Amidst all this excitement, it’s easy to overlook a not-so-fun thought: more kids in the U.S. than ever are reporting depression and anxiety. An excellent article by Kyle Spencer is “It Takes a Suburb: how the people of Lexington, Mass., have come together to fight student stress,” The New York Times, April 9, 2017. That suburb, like Palo Alto, like North Dallas, is fraught with excellence, so much so that high school students created their own de-stress room, The Rock Room. It was a space to just chill, to paint rocks to give to a pal or to talk with friends. Slowly the rocks painted with encouraging slogans began to pile up. “They became a visual reminder of a larger, community-wide initiative to tackle the joy-killing, suicide-inducing performance anxiety so prevalent in turbocharged suburbs….”  The  community got behind the idea of decreasing student pressures by offering relaxation activities in class, by limiting homework assignments, by eliminating class rank. 
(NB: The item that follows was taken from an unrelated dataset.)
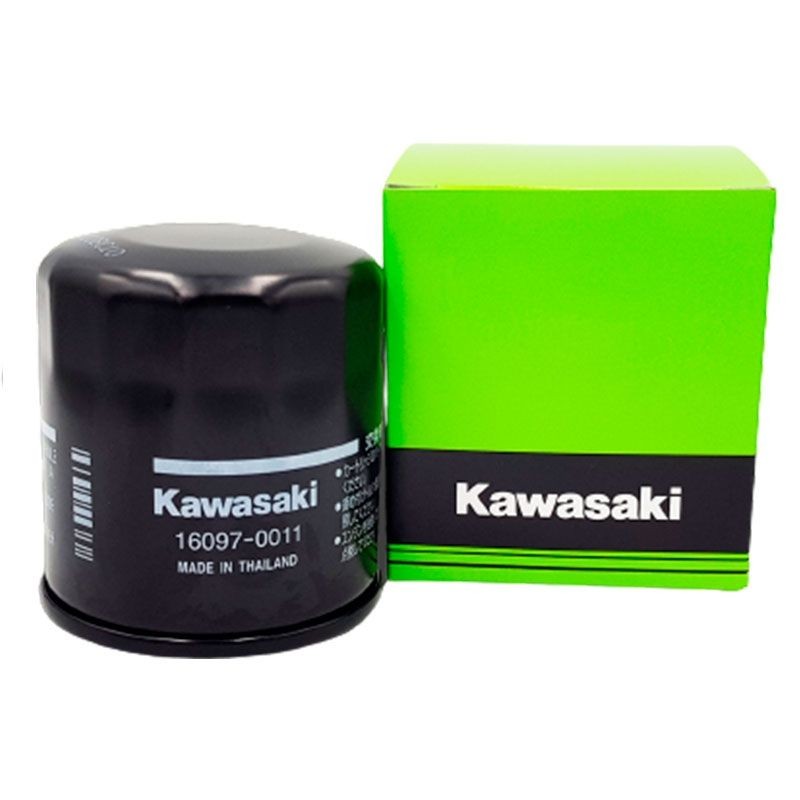 KAWASAKI FILTRO ACEITE ORIGINAL 16097-0011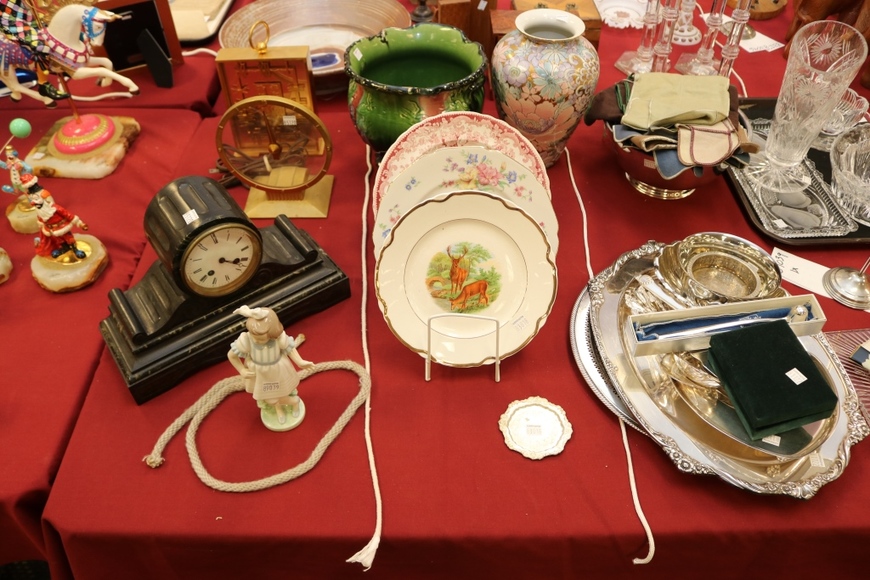 Image for Gallery/Estate Auction with Dolls: 10-11-18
So, how to get ahead of this issue? Start by considering what “success” really means in your family. It turns out that our kids hear us and virtually all the adults in our community and believe us when we say, “You need to get into a good school so you can get a good job….(so work on that essay, study for SAT prep, do that varsity sport even if you don’t like it anymore, do that volunteer work since it looks great on your high school resume)” But is that really what we mean? Looking way down the road 10, 15, even 20 years from now, is having a good job the only measure of success you’ll care about for your child? If he’s doing drugs regularly but has a great job, is that “success”? If she’s unkind to others and ignores her family but has a great job, is that “success”? You catch the drift. Of course we want them to be decent, healthy, kind, upstanding citizens of the world, to love life. Of course. . . so when do we say that? And when do they hear it?

What benchmarks of that kind of success might you look for, hope for this year? What would setting those expectations sounds like at your house?
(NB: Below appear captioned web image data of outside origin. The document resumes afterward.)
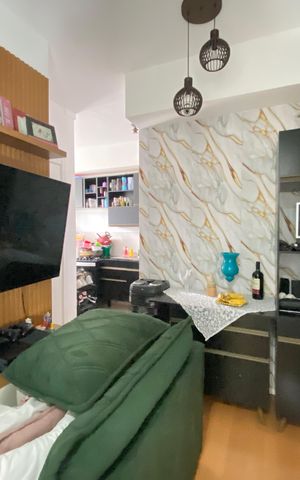 Apartamento para alugar com 53m², 2 quartos e sem vaga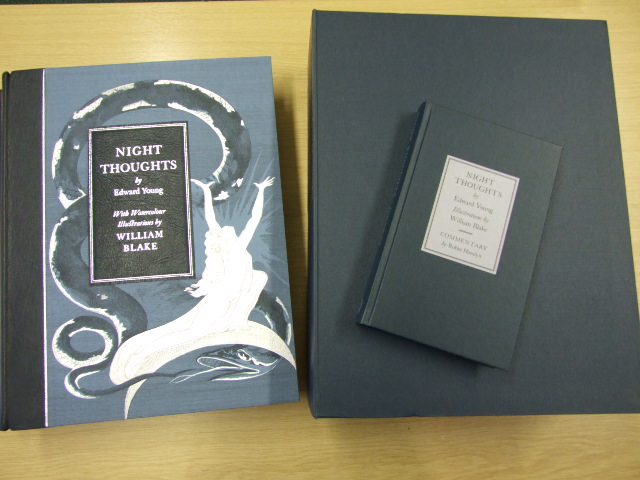 Folio Society Limited Editions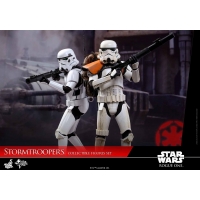 Hot Toys – MMS394 – Rogue One: A Star Wars Story – Stormtroopers Collectible Figures Set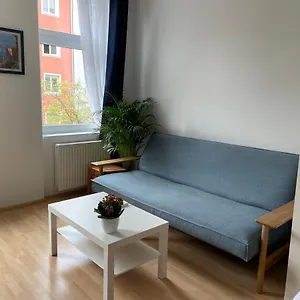  Apartamento Central Sunny Flat With Free Parking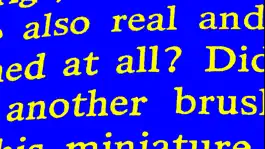 Game screenshot SuperVision mini apk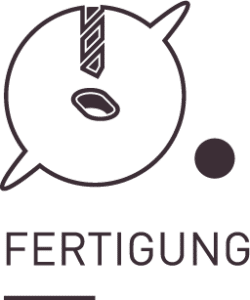 Label Fertigung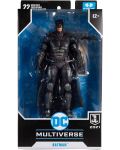 Figurina de actiune McFarlane DC Comics: Justice League - Batman, 18 cm - 7t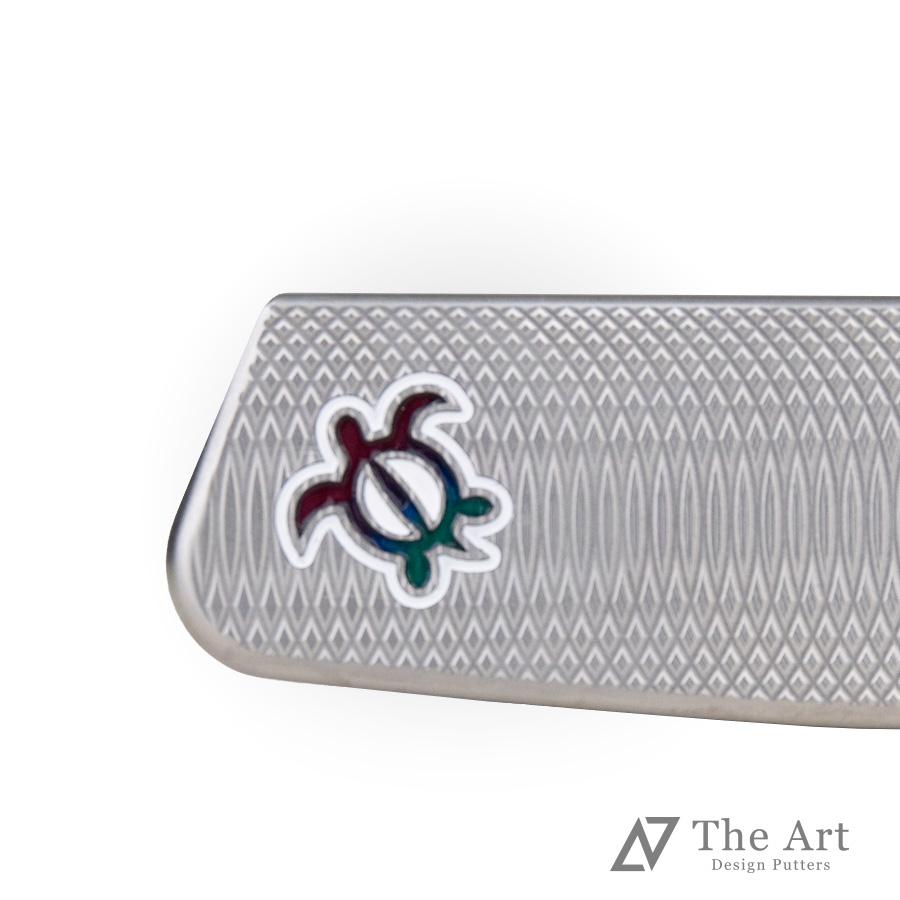 SCOTTY CAMERON スコッティキャメロン カスタムパター 2023 スーパー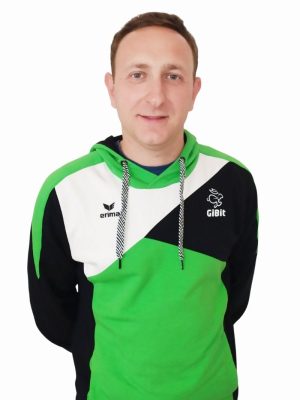 EMILIJAN ŠZH - ekipa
  • This year, I’d like to hear about someone you’re showing special kindness toward, or about someone who’s showing special kindness toward you;
  • You always seem to do well on the assignments teachers give you. . . which makes me proud. This year, I’d love to see you “assign” yourself something which interests you, something you’d like to learn more about just for fun. I’d like to join you in that fun;
  • The world, our nation is a pretty contentious place right now. Our family believes that things are better when you listen to one another. This year, I’d like to hear about a time you listened to someone different from you and whether you agreed or disagreed once you’d heard what they had to say.

I am often surprised at the latent wisdom kids have, so much so that I’ve come to believe that we expect too little from them. . . not by way of assignments or SAT scores, but in the way of looking at life and thinking about what they see, making sense of what they see. Feelings in their world are confusing right now with anxiety, despair, anger, rejection, exclusion rampant. They need your help to sort things.

As your family is preparing for the new school year, give some thought to what “success” means to you. Then engage a conversation that helps your child/teen build a path in that direction.